Our guest writer and mindfulness, yoga and stress management consultant, Bev Alderson, talks about the importance of continuing to move our bodies as we get older.
Maintaining an active lifestyle throughout our lives can support health and wellbeing and quality of life.
However, starting or maintaining an exercise routine can be a challenge at any age and, let’s face it, one that doesn’t get any easier as we get older.
We may find ourselves too busy, too tired, or disheartened by the aches and pains that can accompany an ageing body, or simply find putting our feet up so much more appealing.
Yet, when it comes to movement, there is much truth in the phrase ‘use it or lose it’.
My desire in writing this blog is to get you or to keep you moving – knowing the benefits it can bring. To share with you the what, the why, and the how, along with the motivation to start and keep going.
It has been written with women around their 50’s, and beyond, in mind. It is also relevant to a younger audience, looking to future proof themselves against the perils and pitfalls of a sedentary lifestyle.
The ageing body
Whilst getting older can come with many benefits, it seldom comes alone.
I doubt too many of Cytoplan’s readers and followers believe that their biggest concerns, with regard to the ageing process, is grey hair and wrinkles!
However, for a sober look at what could potentially be instore, you might like to check out a comprehensive article by Medline Plus – Ageing changes in the bones – muscles – joints.

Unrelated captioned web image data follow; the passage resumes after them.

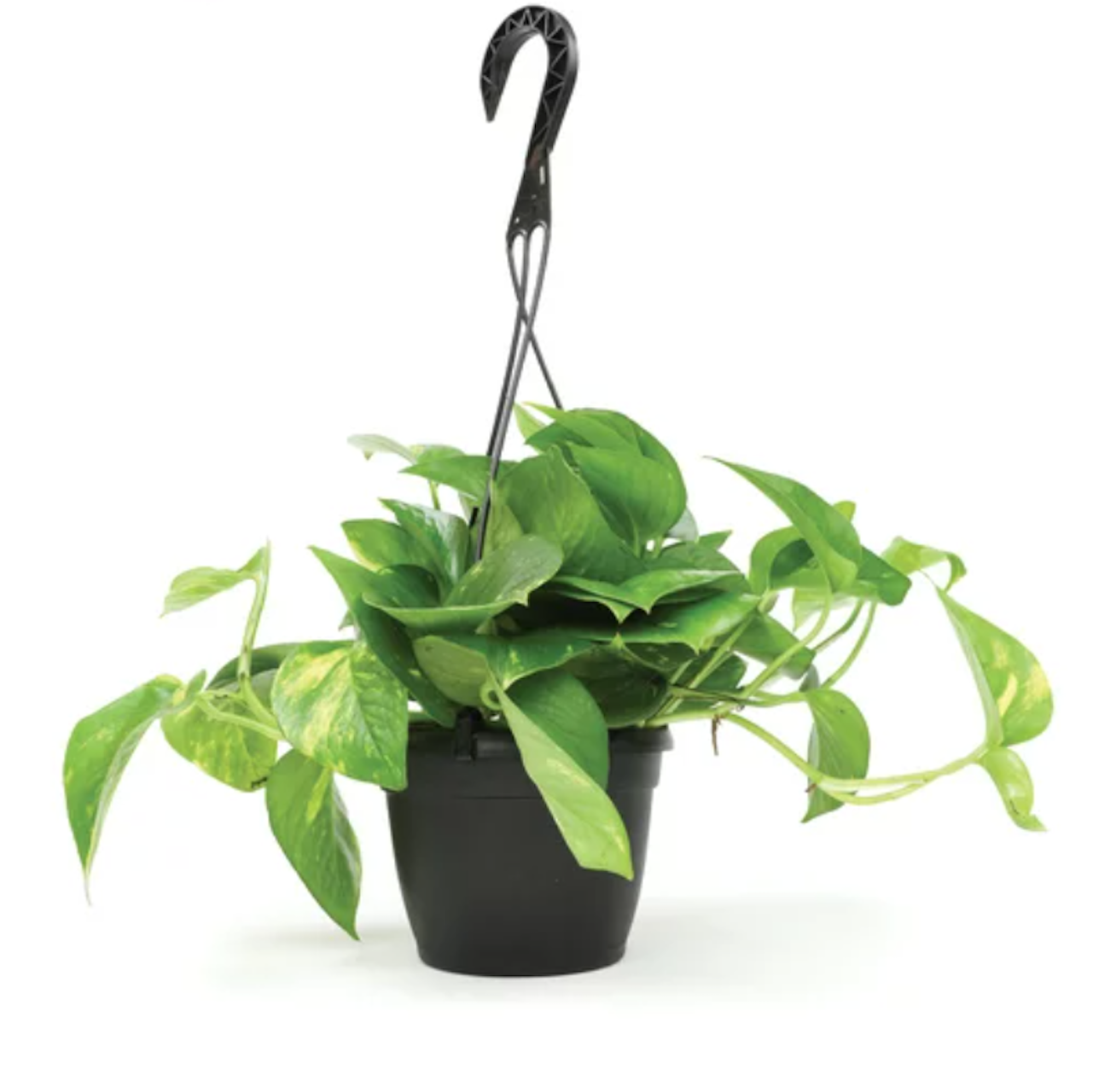 Keranjang gantung Elemen Pothos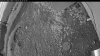 Web Cam Image - Sun, 06/28/2026 3:44am PDT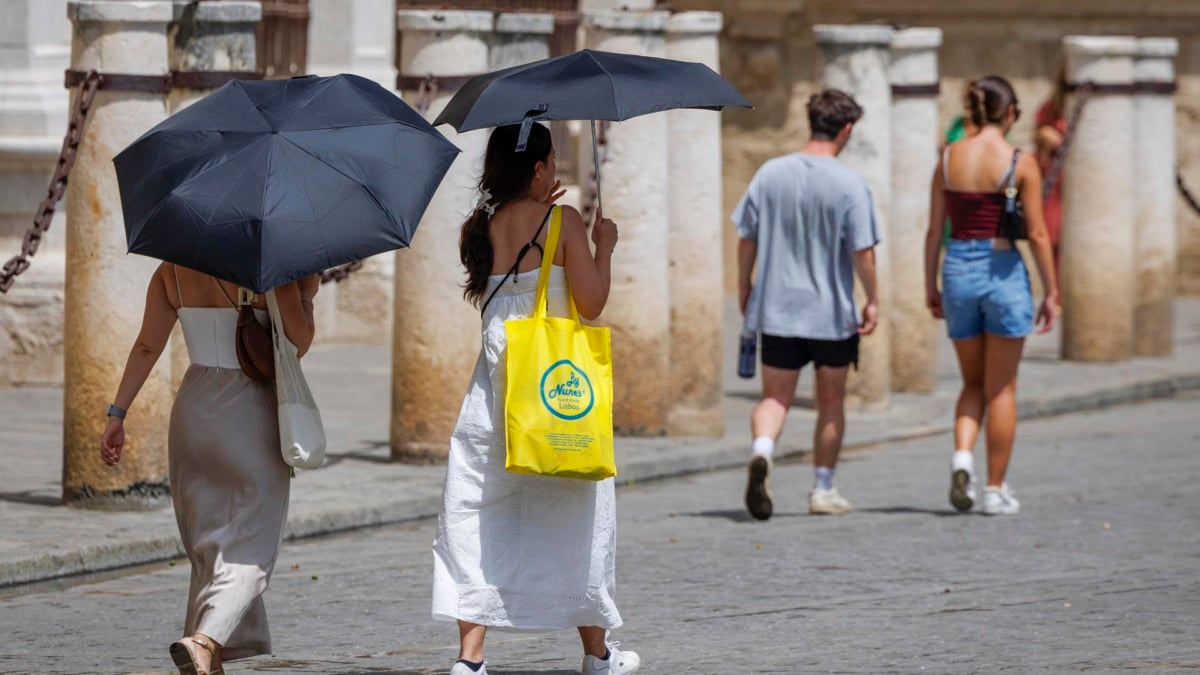 Unos turistas se protegen con paraguas del sol este domingo junto a la catedral de Sevilla.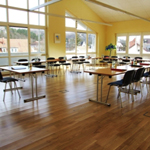 Katrin Frick, Psychologin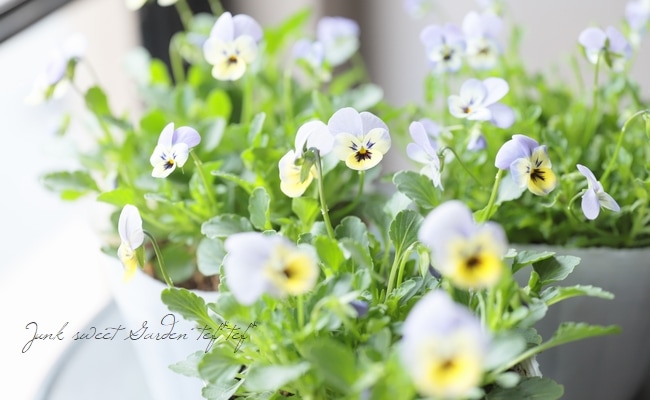 ビオラ・ビオレッタ マイクシリーズ 『ライトブルーミッキー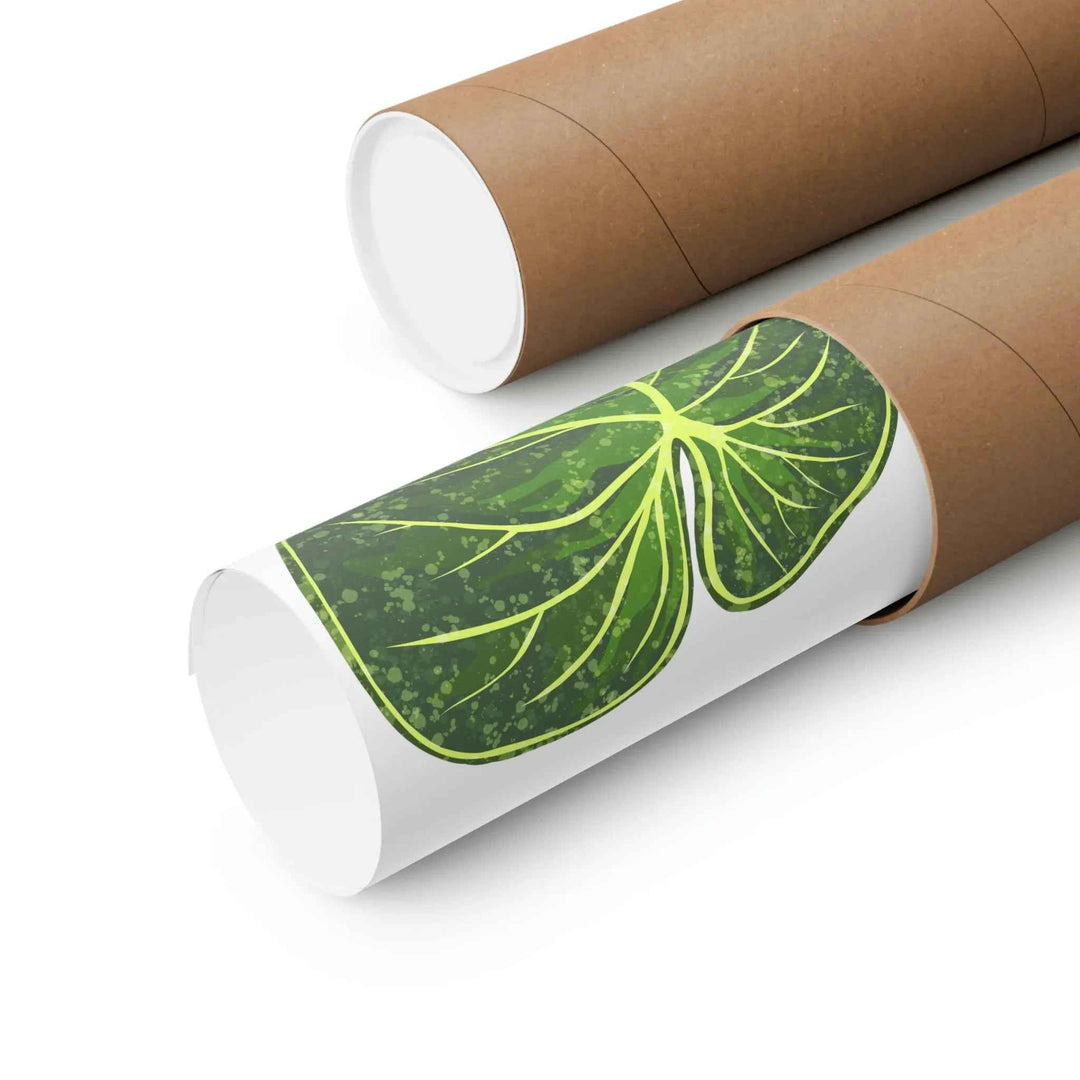 Philodendron Gloriosum Print Botanical Wall Art – Tropical Leaf Poster on Museum-Grade Paper Unframed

Let me call out a few gems:
- Loss of bone mass or density
- Stiff and painful joints
- Decrease in muscle mass
- Changes in posture
- Reduction in energy and increase in tiredness
- Loss of stability and balance
All of which can be exacerbated when we throw in menopause and the accompanying fluctuating and diminishing hormones.
One of these, estrogen, plays a key role in protecting the heart, and as it diminishes so does its supporting role in heart health.
It is also widely recognised that, post menopause, women are more susceptible to weakening bones and osteoporosis.
And then there is of course menopausal weight gain that can put a strain on the physical body overall.
Aren’t I just a beacon of joy!
Whilst the process of ageing can seem daunting and confronting, the good news is that all of these symptoms can be positively influenced by an active lifestyle.
There are many pillars to wellbeing that are supportive of health and wellbeing, but this blog is focussed on just one – movement.
So, let’s take a look at 10 reasons to keep moving, summarised from Healthline’s ‘The Top 10 Benefits of Regular Exercise’:
- Improves mood and decreases feelings of depression, anxiety, and stress.
- Helps to attain or maintain a healthy weight.
- Plays a vital role in building and maintaining strong muscles and bones.
- Boosts energy and reduces feelings of fatigue.
- Reduces the risk of some chronic illnesses, such as heart disease and diabetes 2.
- Supports skin health and can delay the appearance of skin ageing.
- Helps brain health and cognitive functioning.
- Supports relaxation and improves sleep onset and quality.
- Can help with chronic pain and pain tolerance.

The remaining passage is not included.